Research results presented in the book come from field work carried out in different regions as well as in rural and urban areas. A comprehensive assessment of family life in a country as large as China is not possible. Nevertheless, the quantitatively important group of the urban population, working, being retired or laid off from the state-owned, collectively-owned or private enterprises, is missing in the presentation. Each of the ethnographic studies or biographical descriptions applies to a particular setting and offers rich evidence within the given context. All contributions add to the multifaceted picture of changing gender and generational relations in China.
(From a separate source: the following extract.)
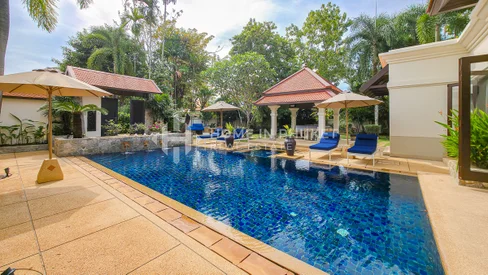 Thai Style Spacious 4-Bed Villa in Sai Taan Villas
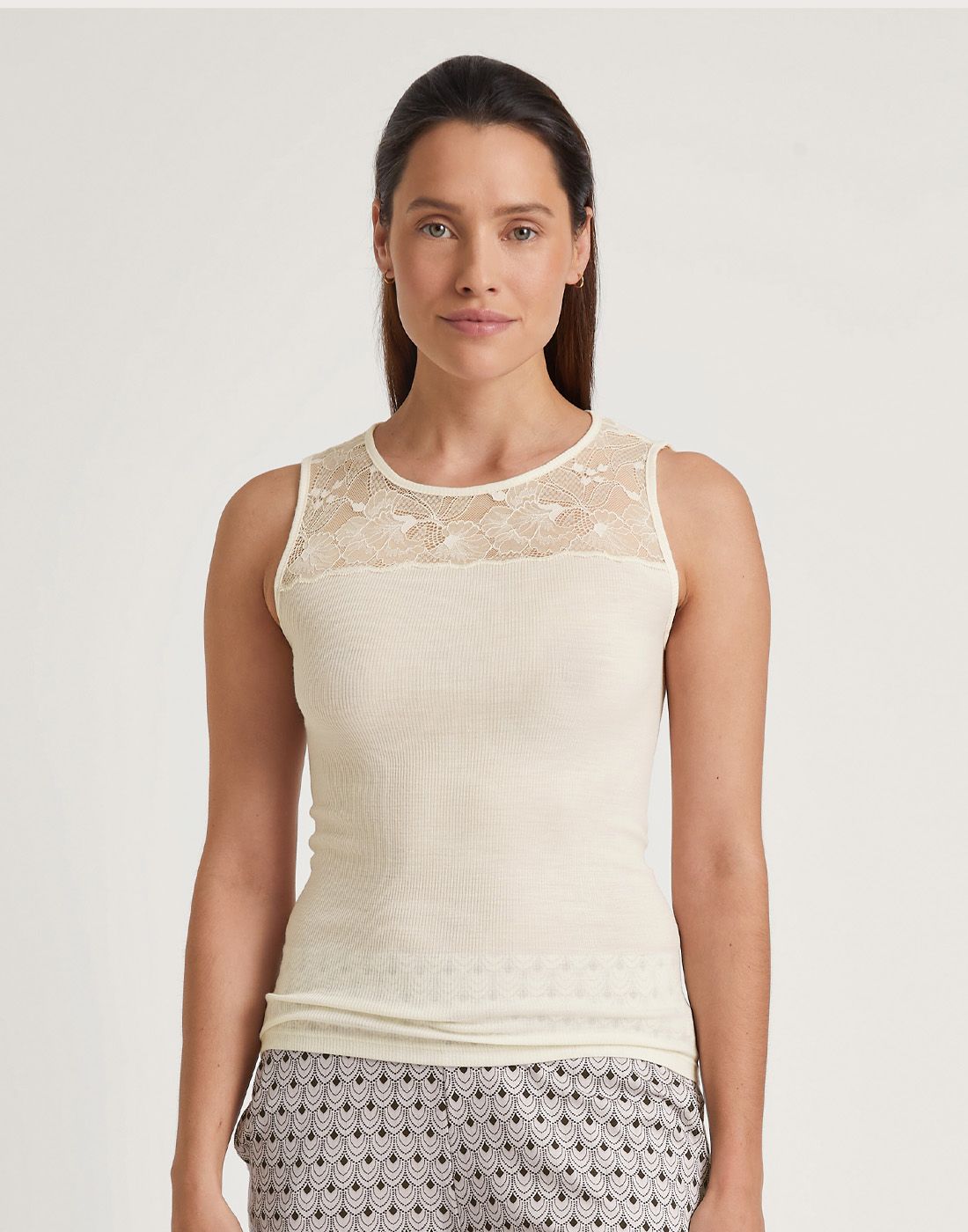 12351-904(3) jente med brunt hår og hvit ull og silke topp med blonder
Results from case studies apply to a particular research context and contain information with uncertain comparability or representability to other regions or social groups. Methods, analysis and interpretation of the conducted field research or biographical interviews could have been more explicitly communicated. In spite of these critical annotations, the book contributes to a deeper understanding of the ongoing transformation in China with changes of social norms, social relations and familial behavior modifying the traditional concept of patriarchy.